Nope no blog no time


----------



## DeathTouch (Sep 6, 2005)

Yes, I do. It is www.blogcrypt.com/deathtouch


----------



## ScareFX (Aug 18, 2004)

Mine is Halloween only at 
www.blogcrypt.com/ScareFX/


----------



## WNYHaunts (Jul 3, 2006)

www.wnyhaunters.com is my blog


----------



## SweeneyFamilyHorror (Aug 14, 2006)

Yes. It's what we use as our Web site. It's blogger. It's free. It's not buggy. You can easily upload pictures.


----------



## Fright Yard (Jul 12, 2006)

hmm im at sinisterspace.com under frightyard, a pretty cool place like my space for haunters!


----------



## Big Howlin (Jul 15, 2006)

is that live spaces like mymsnspace? or better?


----------



## otherworldly (Jul 25, 2006)

yup cheetahclub67, it's msn with a new name.
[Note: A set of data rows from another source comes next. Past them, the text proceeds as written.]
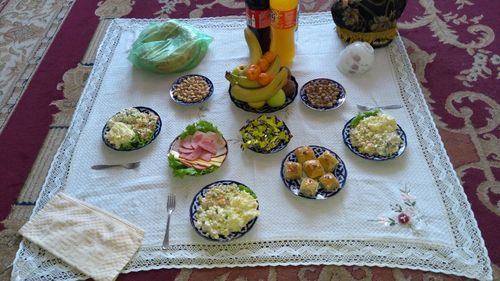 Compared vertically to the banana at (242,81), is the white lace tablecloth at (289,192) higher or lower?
lower

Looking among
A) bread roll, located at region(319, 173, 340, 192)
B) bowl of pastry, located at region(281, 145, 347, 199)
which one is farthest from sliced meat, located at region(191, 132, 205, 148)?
bread roll, located at region(319, 173, 340, 192)

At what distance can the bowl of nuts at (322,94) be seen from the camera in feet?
4.10

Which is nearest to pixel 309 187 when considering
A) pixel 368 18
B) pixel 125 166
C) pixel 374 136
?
pixel 374 136

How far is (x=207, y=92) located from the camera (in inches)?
51.7

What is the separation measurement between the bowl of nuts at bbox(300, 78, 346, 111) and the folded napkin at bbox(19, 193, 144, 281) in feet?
1.96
I do like all the custom lists I can make...I need to check out sinisterspace now though!


----------



## Forbidden Crypts (Sep 5, 2004)

Here's one of my favorite halloween blogs to visit:

http://scarstuff.blogspot.com

It's mainly a music sharing blog.


----------



## otherworldly (Jul 25, 2006)

forbidden crypts - halloween and vinyl combined! Now you're talking!


----------



## Big Howlin (Jul 15, 2006)

Mine!


----------



## Big Howlin (Jul 15, 2006)

*Oh, I just started a new one and its more halloween related. Feel free to go and comment, dont get many lol
Bookmark, link whatever. Check out my radio link too, its either Alice Cooper or Halloween music 24/7
Lemme know what u think!*
http://cheetahclub67.blogspot.com/


----------



## Lilly (Jun 13, 2006)

cheetah you don't have haunt forum in your list ..
your kid is a cutie


----------



## Ms. Wicked (Nov 14, 2006)

Nope no blog.

I'm not on any of those spaces. I suppose forums have always been adequate for me.


----------



## Big Howlin (Jul 15, 2006)

Lilly said:


> cheetah you don't have haunt forum in your list ..
> your kid is a cutie


Yeah I just thought about that last night, but then I was wondering, do I want to keep this as my personal site. You know, like how somethings are just for you.


----------



## IshWitch (May 31, 2006)

I'm on Sinisterspace as IshWitch and Hauntspace as Valkyrie. I don't have a blog and generally barely have time to check the spaces. It makes me feel bad, but I hang out on 3 forums and that takes up most of my time when I'm not on my travel agency site.

So much internet, so little time!
LOL


----------